The U.S. Commerce Department's National Institute of Standards and Technology (NIST) says it will study the impacts of Hurricane Maria's September 2017 strike on Puerto Rico.
It will focus specifically on the performance of critical buildings and their dependence on distributed infrastructure such as electricity and water, as well as emergency communications and the public's response to those communications.
Under the National Construction Safety Team (NCST) Act, signed into law in 2002, NIST is authorized to establish teams to investigate building failures that have resulted in substantial loss of life or that posed the potential for substantial loss of life.
The lessons learned as a result of this investigation will be used to help improve codes, standards, and practices in order to strengthen buildings and infrastructure, and reduce property losses from future storms in hurricane-prone areas.
Hurricane Maria made landfall in southeast Puerto Rico near the town of Yabucoa at approximately 6:15 a.m.

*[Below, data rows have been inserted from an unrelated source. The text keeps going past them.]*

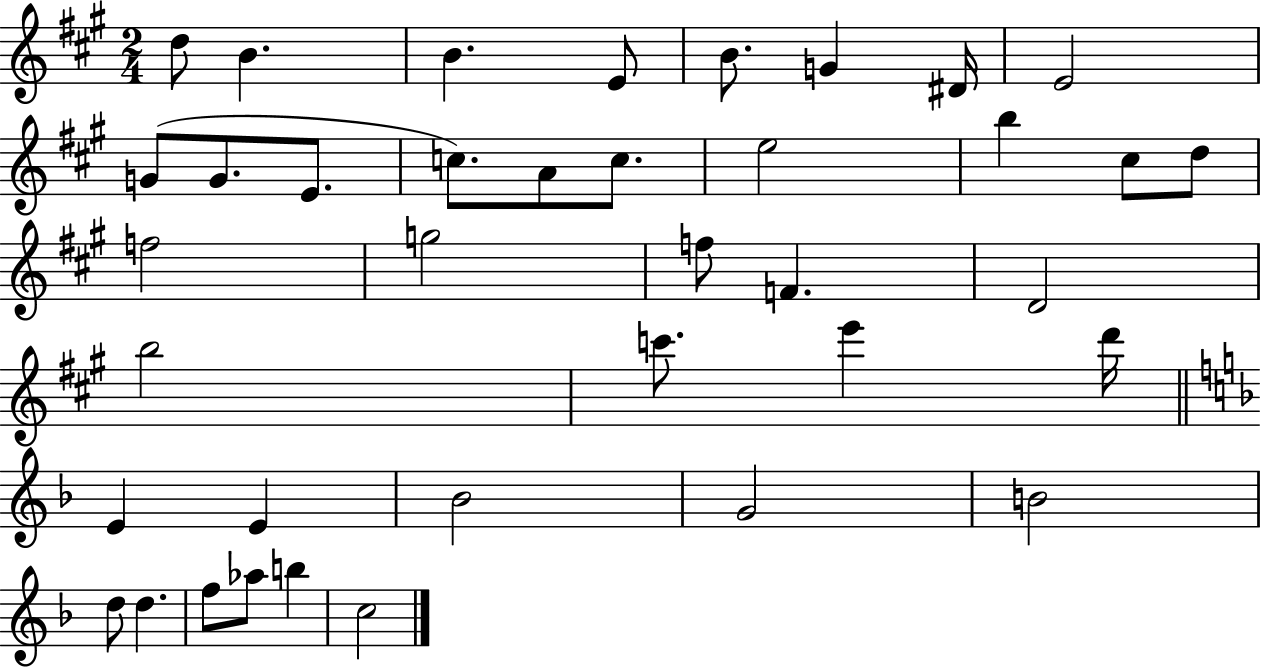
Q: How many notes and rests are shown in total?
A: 38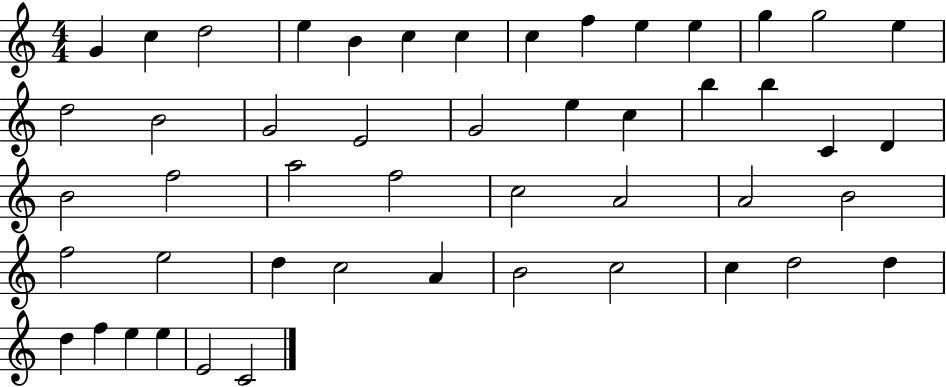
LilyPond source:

{
  \clef treble
  \numericTimeSignature
  \time 4/4
  \key c \major
  g'4 c''4 d''2 | e''4 b'4 c''4 c''4 | c''4 f''4 e''4 e''4 | g''4 g''2 e''4 | \break d''2 b'2 | g'2 e'2 | g'2 e''4 c''4 | b''4 b''4 c'4 d'4 | \break b'2 f''2 | a''2 f''2 | c''2 a'2 | a'2 b'2 | \break f''2 e''2 | d''4 c''2 a'4 | b'2 c''2 | c''4 d''2 d''4 | \break d''4 f''4 e''4 e''4 | e'2 c'2 | \bar "|."
}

Atlantic Standard Time on Sept. 20, 2017. Maria was listed as a strong Category 4 storm, with maximum sustained winds of 249 kilometers per hour (155 miles per hour).

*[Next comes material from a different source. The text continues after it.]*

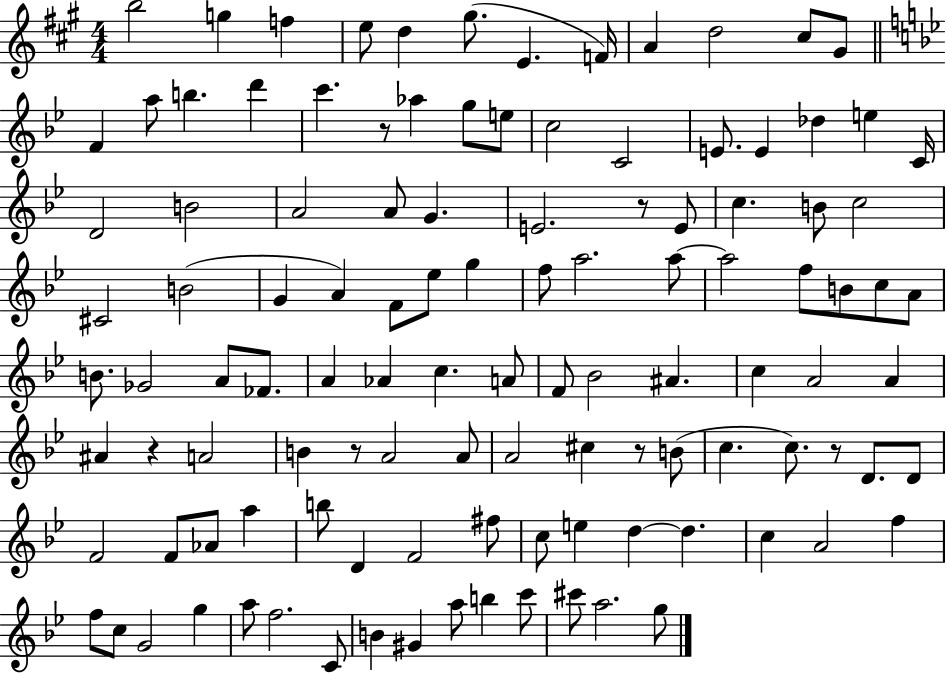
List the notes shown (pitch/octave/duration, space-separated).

B5/h G5/q F5/q E5/e D5/q G#5/e. E4/q. F4/s A4/q D5/h C#5/e G#4/e F4/q A5/e B5/q. D6/q C6/q. R/e Ab5/q G5/e E5/e C5/h C4/h E4/e. E4/q Db5/q E5/q C4/s D4/h B4/h A4/h A4/e G4/q. E4/h. R/e E4/e C5/q. B4/e C5/h C#4/h B4/h G4/q A4/q F4/e Eb5/e G5/q F5/e A5/h. A5/e A5/h F5/e B4/e C5/e A4/e B4/e. Gb4/h A4/e FES4/e. A4/q Ab4/q C5/q. A4/e F4/e Bb4/h A#4/q. C5/q A4/h A4/q A#4/q R/q A4/h B4/q R/e A4/h A4/e A4/h C#5/q R/e B4/e C5/q. C5/e. R/e D4/e. D4/e F4/h F4/e Ab4/e A5/q B5/e D4/q F4/h F#5/e C5/e E5/q D5/q D5/q. C5/q A4/h F5/q F5/e C5/e G4/h G5/q A5/e F5/h. C4/e B4/q G#4/q A5/e B5/q C6/e C#6/e A5/h. G5/e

The storm tracked across the center of the island, from southeast to northwest, and produced up to 2.7 meters (8.9 feet) of storm surge. The hurricane also dumped greater than 25 centimeters (9.8 inches) of rain over much of the island, with even higher amounts (50-101 centimeters, or 20-40 inches) in some areas, causing hundreds of landslides across the island.
NIST says that preliminary observations identified "minimal structural damage" caused by wind hazards to reinforced-concrete and concrete-block buildings with concrete roofs. However, an NIST team observed:
- Some roof failures on reinforced-concrete and concrete-block buildings having other-than-concrete roofs (wood frame and steel frame)
- Wind damage to metal building systems
- Wind-induced failures of metal buildings and rooftop equipment, potentially due to corrosion
- Varied performance of rooftop solar areas exposed to high winds
Initial discussions identified the following regarding electric power:
- Complete electrical outage across Puerto Rico
- Severe physical damage to electric power generation, transmission and distribution systems, including utility-scale solar and wind power generation
- Cascading effects affecting water, wastewater, communications.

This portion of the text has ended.